Digging into Patternmaking Again

About eight years ago, I dug out my dusty broken-bobbin-hole Brother machine after many years of not sewing. I sewed for much of my teens and made almost all of my clothes in college, but after that I went in tiny spurts–partly because I was able to afford nicer fashion than what I had been sewing. I’ve always loved fashion and spoiling myself with clothes when I can.

Still, I could never get rid of that sewer’s itch every time I looked at a gorgeous piece of fashion: “how did they *do* that?” And all my sub-dreams of learning fashion design would rush to the surface.
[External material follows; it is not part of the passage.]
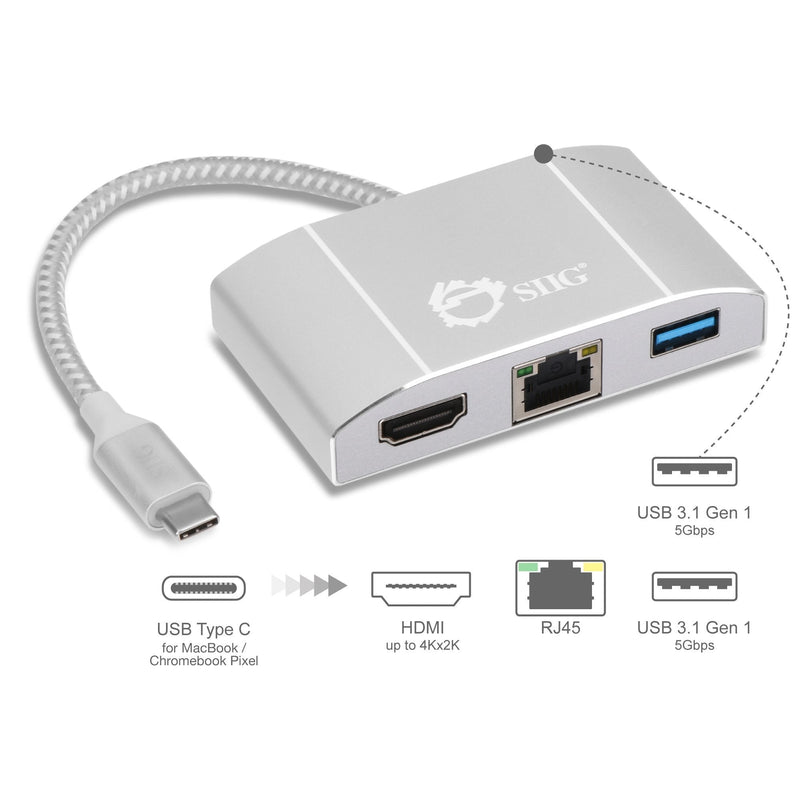 [Australia - AusPower] - SIIG USB 3.1Type C (USB C) Thunderbolt 3 to Gigabit Ethernet LAN Network and HDMI Adapter Hub with USB 3.0 Type A, Gigabit Etherent and HDMI output - 4K ready (JU-H30712-S1)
[From a current exhibit here in Austin, I loved this enormous print by contemporary Argentine artist Nicola Costantino. Credit and the fascinating history behind this photograph, a self-portrait.]

So when my husband asked me to make him a vest–and he went into elaborate detail about what this vest would be, what shape of pockets, lining, fit, type of buttons–I took it as a challenge to make a pattern from scratch. The one vest pattern I could find at Jo-Ann’s was a horrible boxy McCall’s thing straight out of the 80s so that wouldn’t do. This was before Pattern Review, sewing blogs and the onslaught of vintage sewing mania so I didn’t have much to work with.

I googled “patternmaking” and the only things that came up were an expensive (to me) patternmaking textbook and Lutterloh. I decided to enroll in some college courses in fashion design but got sidetracked once I took the illustration courses, which I loved.

Long story short, it took me a few more years before I’d find a vintage pattern and make something of D’s dream vest.


I have a few patternmaking books now, which help me with details I want to add on to an existing pattern, but I’m itching to learn more. I like theoretical knowledge and am rarely satisfied with just learning techniques. And some patternmaking books just give you a long list of things to do–rather than teach you why you’re doing them. Over a year ago, I made some slopers from Elizabeth Allemong’s European Cut and she does have some little gems of “why you are doing this” teaching. Although the slopers are very basic and have no ease–at all–I had a few lightbulbs go on while working on them. Perhaps I’ll do a review of this book in another post.

After someone recommended it, I decided to order Winifred Aldrich’s Pattern Cutting for Women’s Tailored Jackets over the weekend. This might be a bit backwards as I don’t have her introductory book, but I’m really keen on making my own jacket block, perhaps this winter, or modifying my silk jacket draft to do other things. Does anyone have this book and what can you say about its drafts?